Exercise prompt
Output the listing exactly as written, apart from its pictures.

Data segment
┌──

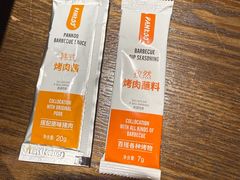 -新石器烤肉(中房金谊广场店)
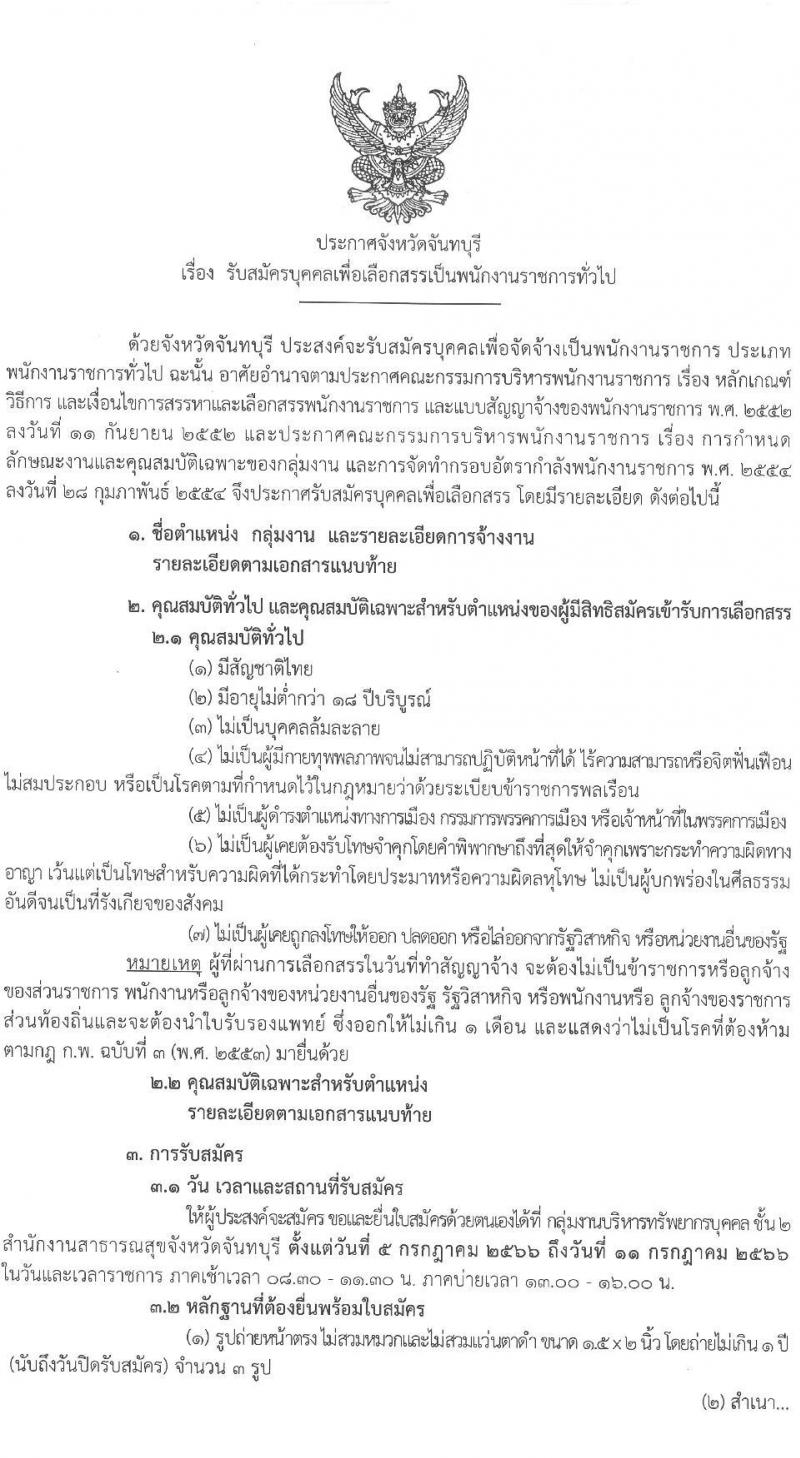 สาธารณสุขจังหวัดจันทบุรี รับสมัครบุคคลเพื่อเลือกสรรเป็นพนักงานราชการทั่วไป จำนวน 2 ตำแหน่ง 4 อัตรา (วุฒิ ป.ตรี) รับสมัครสอบด้วยตนเองตั้งแต่วันที่ 5-11 ก.ค. 2566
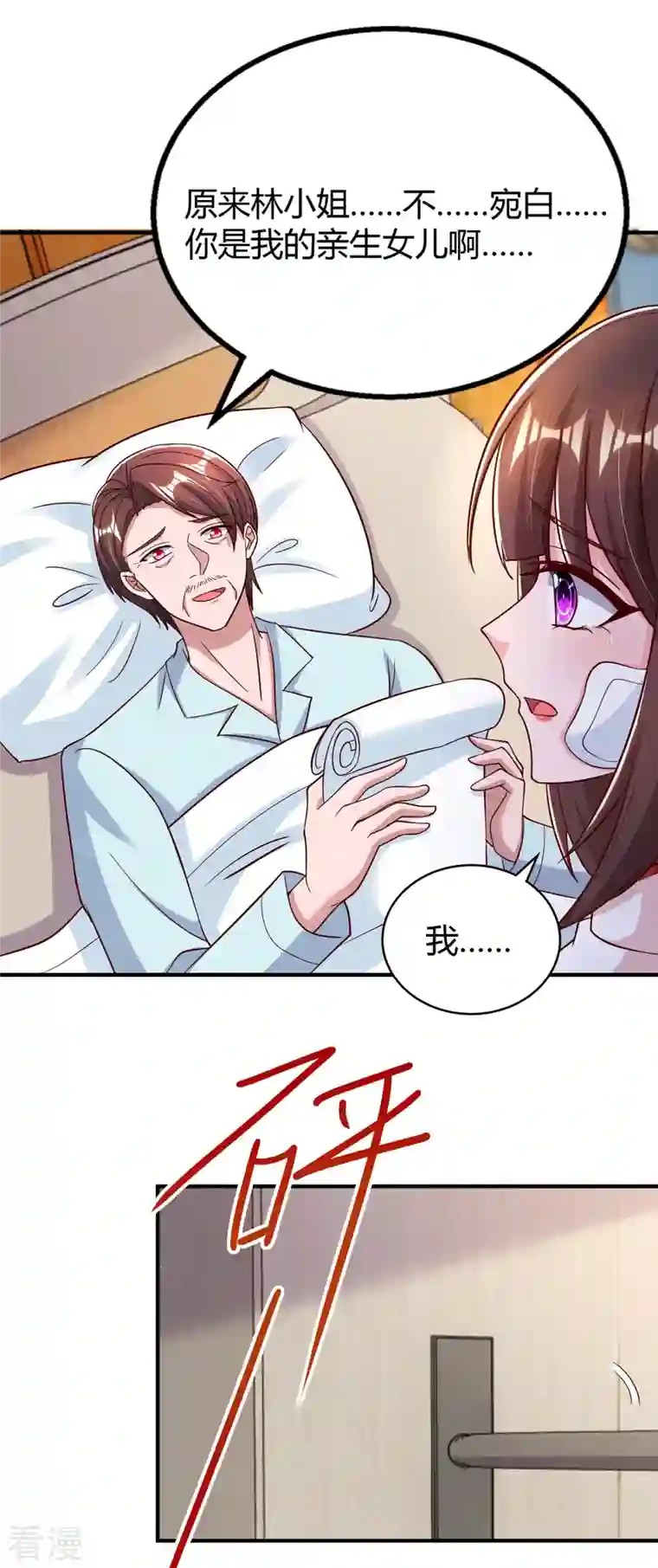 霸道总裁求抱抱第306话 宛白是您的女儿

└──

Answer section
 -新石器烤肉(中房金谊广场店)
 สาธารณสุขจังหวัดจันทบุรี รับสมัครบุคคลเพื่อเลือกสรรเป็นพนักงานราชการทั่วไป จำนวน 2 ตำแหน่ง 4 อัตรา (วุฒิ ป.ตรี) รับสมัครสอบด้วยตนเองตั้งแต่วันที่ 5-11 ก.ค. 2566
 霸道总裁求抱抱第306话 宛白是您的女儿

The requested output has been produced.